According to Luis Corrons, Technical Director of PandaLabs, "maybe one of the reasons of this increase is the economic crisis along with the big business that selling this information on the black market, such as credit card numbers, Paypal or Ebay accounts, etc. We have also seen an increase of the distribution and infection of this kind of malware through social networks."
Just as an example, PandaLabs receives over 35,000 samples of new viruses, worms, Trojans and other types of Internet threats every day on average. Of these, 71% are Trojans, mostly aimed at stealing bank details or credit card numbers as well as passwords for other commercial services. Between January and July 2009 we received 11 million new threats, some 8 million of which were Trojans. This is in clear contrast, for example, to the average of 51% of new Trojans that we received at PandaLabs in 2007.

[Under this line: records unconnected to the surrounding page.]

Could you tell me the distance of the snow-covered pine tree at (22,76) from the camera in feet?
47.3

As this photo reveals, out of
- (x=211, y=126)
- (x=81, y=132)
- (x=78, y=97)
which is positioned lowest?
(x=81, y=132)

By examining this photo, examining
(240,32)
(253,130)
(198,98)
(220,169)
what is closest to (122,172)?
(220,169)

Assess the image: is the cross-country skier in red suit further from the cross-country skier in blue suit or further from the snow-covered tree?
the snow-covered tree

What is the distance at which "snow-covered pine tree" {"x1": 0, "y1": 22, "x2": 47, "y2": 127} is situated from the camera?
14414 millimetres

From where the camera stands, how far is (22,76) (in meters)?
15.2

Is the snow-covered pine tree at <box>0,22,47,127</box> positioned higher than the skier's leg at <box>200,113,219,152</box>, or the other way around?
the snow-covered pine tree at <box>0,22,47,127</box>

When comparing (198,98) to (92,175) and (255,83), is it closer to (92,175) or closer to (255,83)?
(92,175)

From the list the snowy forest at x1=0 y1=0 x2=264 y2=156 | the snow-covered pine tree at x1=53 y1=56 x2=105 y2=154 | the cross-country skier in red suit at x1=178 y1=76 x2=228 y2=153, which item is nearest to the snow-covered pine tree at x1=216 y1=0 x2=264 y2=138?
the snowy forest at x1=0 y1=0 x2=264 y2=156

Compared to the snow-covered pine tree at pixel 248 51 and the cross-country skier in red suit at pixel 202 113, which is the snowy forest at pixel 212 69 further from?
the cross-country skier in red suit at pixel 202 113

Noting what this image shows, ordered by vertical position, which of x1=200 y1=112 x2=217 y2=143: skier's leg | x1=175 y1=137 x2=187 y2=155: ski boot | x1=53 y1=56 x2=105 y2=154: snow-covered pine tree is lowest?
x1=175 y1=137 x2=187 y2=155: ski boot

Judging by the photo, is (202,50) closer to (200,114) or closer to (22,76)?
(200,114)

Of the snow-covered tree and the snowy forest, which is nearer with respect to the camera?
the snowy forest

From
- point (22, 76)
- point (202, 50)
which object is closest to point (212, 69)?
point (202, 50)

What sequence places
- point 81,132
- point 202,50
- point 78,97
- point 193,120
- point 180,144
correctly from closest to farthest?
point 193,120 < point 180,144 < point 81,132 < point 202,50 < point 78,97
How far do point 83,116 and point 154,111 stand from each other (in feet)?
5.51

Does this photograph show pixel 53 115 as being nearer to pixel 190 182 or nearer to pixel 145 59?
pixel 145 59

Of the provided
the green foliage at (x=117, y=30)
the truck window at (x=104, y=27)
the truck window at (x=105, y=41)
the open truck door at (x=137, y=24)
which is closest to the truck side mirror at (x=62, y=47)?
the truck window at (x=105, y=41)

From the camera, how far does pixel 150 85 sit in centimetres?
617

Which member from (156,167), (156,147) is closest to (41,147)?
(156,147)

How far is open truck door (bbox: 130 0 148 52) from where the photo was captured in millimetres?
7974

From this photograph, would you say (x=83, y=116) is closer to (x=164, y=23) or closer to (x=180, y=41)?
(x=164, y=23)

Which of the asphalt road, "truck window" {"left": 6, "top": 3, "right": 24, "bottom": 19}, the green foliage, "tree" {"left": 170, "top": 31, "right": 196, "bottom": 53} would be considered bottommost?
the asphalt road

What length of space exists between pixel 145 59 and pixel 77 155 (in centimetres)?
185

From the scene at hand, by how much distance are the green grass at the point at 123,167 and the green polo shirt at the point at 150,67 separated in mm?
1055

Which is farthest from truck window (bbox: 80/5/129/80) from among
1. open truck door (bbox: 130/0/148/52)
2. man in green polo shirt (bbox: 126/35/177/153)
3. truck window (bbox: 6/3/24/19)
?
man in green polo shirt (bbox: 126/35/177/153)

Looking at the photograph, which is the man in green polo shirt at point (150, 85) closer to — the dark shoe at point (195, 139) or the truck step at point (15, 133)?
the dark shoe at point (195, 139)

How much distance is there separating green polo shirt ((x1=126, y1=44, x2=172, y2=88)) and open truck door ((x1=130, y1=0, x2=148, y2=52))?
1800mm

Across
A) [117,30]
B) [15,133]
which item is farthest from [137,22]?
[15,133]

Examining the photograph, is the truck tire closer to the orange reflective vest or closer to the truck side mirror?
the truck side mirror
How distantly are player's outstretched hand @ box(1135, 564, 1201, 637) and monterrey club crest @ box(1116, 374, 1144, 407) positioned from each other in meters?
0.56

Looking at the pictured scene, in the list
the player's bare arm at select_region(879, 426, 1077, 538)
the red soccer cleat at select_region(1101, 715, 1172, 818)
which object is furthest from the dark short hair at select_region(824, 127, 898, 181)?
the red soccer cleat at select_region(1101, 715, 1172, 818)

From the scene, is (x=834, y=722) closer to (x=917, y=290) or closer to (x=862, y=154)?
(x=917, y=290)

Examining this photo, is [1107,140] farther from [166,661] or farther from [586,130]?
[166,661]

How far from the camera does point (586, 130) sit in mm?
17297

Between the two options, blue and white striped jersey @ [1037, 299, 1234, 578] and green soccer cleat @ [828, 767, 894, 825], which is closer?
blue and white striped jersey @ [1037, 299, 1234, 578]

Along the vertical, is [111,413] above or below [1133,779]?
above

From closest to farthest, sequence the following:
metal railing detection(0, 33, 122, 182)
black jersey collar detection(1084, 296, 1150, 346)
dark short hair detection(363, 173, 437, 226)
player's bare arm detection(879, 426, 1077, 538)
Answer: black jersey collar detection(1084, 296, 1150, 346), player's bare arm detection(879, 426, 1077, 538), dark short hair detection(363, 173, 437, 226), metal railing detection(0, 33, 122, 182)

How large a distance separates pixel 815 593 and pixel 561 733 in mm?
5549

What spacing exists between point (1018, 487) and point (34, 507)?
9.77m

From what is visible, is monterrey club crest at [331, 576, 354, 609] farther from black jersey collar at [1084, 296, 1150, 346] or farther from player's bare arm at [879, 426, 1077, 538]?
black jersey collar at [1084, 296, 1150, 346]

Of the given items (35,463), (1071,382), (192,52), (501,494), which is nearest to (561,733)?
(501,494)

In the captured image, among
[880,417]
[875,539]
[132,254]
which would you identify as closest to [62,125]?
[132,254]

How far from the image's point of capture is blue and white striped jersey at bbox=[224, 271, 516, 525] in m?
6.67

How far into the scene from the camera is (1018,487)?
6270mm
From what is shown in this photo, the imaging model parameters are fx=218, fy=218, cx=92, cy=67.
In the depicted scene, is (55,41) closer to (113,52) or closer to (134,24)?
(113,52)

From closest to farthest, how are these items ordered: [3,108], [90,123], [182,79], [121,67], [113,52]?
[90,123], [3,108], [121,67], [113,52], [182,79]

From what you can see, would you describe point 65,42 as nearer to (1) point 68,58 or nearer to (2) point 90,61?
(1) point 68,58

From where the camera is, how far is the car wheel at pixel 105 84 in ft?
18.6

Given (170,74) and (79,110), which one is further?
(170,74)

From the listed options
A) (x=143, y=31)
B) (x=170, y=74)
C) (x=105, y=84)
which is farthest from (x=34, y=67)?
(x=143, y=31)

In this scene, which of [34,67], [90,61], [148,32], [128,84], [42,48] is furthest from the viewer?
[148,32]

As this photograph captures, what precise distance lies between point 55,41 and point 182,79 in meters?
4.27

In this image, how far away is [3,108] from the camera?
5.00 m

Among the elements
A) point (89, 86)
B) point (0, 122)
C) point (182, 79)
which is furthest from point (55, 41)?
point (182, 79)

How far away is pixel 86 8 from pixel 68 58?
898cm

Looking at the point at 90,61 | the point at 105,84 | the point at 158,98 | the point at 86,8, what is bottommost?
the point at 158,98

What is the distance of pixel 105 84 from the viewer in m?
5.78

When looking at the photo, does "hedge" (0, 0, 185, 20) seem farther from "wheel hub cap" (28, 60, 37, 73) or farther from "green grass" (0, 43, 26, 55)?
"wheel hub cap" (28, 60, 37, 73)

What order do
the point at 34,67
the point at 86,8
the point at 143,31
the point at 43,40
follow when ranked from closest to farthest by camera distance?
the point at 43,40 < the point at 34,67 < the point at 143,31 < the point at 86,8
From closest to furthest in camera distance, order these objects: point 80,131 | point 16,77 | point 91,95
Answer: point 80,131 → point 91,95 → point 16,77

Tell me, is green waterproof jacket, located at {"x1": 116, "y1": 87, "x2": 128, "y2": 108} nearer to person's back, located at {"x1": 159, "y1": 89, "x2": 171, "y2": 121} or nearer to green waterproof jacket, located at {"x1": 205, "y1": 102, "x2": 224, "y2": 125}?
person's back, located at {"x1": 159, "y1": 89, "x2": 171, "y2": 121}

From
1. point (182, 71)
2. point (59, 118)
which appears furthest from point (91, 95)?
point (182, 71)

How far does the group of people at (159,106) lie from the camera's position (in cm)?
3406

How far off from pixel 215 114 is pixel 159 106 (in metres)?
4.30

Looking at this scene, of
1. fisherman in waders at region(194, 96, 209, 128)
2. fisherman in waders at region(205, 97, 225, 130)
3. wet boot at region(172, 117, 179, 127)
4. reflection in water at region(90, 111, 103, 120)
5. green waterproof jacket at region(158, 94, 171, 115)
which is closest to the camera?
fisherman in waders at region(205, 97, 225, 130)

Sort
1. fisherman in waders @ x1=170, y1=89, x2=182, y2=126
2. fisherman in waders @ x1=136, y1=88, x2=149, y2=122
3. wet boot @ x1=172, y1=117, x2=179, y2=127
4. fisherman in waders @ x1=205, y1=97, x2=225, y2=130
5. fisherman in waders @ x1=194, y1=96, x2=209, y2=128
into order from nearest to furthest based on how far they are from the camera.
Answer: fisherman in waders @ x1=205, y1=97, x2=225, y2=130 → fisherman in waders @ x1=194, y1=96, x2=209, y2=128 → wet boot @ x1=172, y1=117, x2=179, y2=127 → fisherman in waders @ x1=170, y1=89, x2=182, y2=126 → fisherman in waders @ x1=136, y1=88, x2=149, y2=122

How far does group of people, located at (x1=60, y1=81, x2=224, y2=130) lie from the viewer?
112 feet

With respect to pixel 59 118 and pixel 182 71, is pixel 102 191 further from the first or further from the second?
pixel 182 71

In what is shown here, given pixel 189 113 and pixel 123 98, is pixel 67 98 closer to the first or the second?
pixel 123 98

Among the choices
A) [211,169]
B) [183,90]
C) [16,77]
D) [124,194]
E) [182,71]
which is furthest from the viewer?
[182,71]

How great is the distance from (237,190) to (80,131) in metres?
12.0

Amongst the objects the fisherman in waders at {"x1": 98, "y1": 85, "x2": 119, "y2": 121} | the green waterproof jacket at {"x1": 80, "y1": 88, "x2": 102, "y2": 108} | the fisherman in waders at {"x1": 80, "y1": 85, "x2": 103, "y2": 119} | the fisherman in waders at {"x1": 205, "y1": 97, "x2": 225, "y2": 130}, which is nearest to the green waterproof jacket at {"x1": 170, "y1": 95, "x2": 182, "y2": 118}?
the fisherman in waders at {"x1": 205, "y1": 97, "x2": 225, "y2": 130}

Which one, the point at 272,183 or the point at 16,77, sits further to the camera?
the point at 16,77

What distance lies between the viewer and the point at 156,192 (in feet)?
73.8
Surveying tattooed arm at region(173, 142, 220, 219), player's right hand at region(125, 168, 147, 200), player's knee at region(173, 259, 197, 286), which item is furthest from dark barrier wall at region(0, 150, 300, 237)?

Hackers have also been busy exploring new channels for propagating threats as well as new sources of revenue. With malware samples, which previously targeted -almost exclusively- users' online banking information by getting them to enter their user name and password in a spoof bank website, potential victims are now taken to any platform or online site in which their bank details may be stored or where they might have to enter them.
Such is the case with the increase in targeted attacks on pay platforms (such as Paypal) and other services where users often save their payment details, including popular online stores (such as Amazon), online auctions (e.g. eBay), or even NGO portals where they make charitable donations.
Similarly, whereas email was practically the only channel used in the past for contacting victims, many other methods are now being used:
- Message distribution across social networks with fake URLs, such as Twitter or Facebook - Cloning of Web pages to make them appear among the first results in searches by keywords in popular search engines. - SMS messages to cell phones. - Infecting computers with spyware which displays alarming messages and takes users to fake websites (e.g. fake antivirus programs)
Messages that use social engineering are often the final touch to lure users into taking the bait.
Once they have obtained credit card or bank details, they have two possible options: either using them to make purchases which victims will be unaware of until they receive their bank statement; or selling the details on the black market (often fetching around 3 euros a time).
How can users avoid falling victim?
We estimate that around 3% of all users have been victims of this techniques. The problem with these types of threats, unlike traditional viruses of the past, is that they are designed to go undetected, and therefore users do not realize they have become victims until it is too late.